*Task statement*: Exactly and only the lines below from the one containing "Pierre Cardin 9070-X" down to the one containing "Juego de cajas" are wanted, both included; please exclude every picture.

*Dataset entries*:
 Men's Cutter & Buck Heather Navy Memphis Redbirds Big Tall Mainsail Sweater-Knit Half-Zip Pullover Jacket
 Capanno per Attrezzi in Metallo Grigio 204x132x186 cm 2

* * *

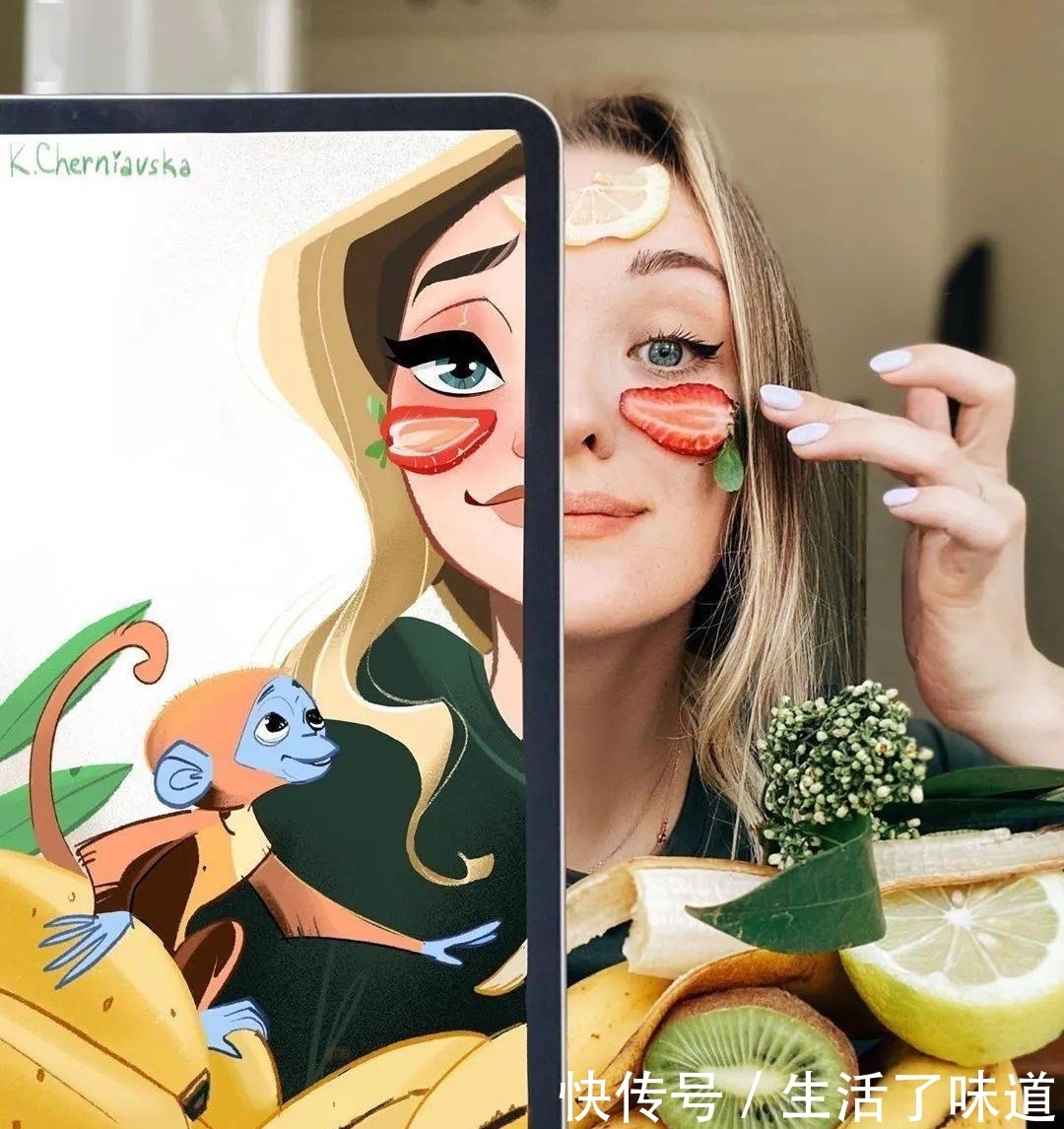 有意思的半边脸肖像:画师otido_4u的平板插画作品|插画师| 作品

==

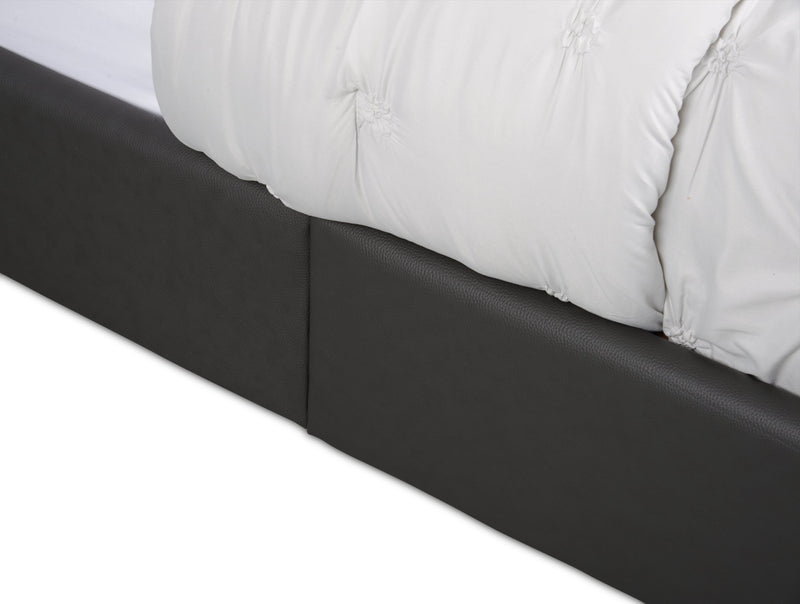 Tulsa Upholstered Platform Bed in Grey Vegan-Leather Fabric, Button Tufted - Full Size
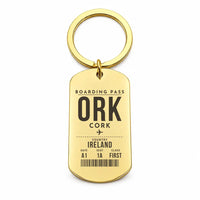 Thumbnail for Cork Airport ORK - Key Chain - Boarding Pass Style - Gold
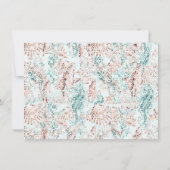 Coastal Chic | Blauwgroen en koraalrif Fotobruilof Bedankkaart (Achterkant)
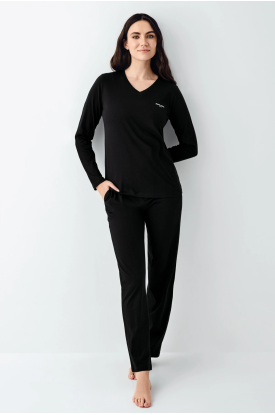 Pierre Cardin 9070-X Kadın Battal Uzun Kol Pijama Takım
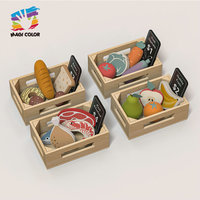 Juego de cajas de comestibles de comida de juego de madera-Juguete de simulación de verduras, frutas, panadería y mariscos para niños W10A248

*Answer to the exercise*:
 Pierre Cardin 9070-X Kadın Battal Uzun Kol Pijama Takım
 Juego de cajas de comestibles de comida de juego de madera-Juguete de simulación de verduras, frutas, panadería y mariscos para niños W10A248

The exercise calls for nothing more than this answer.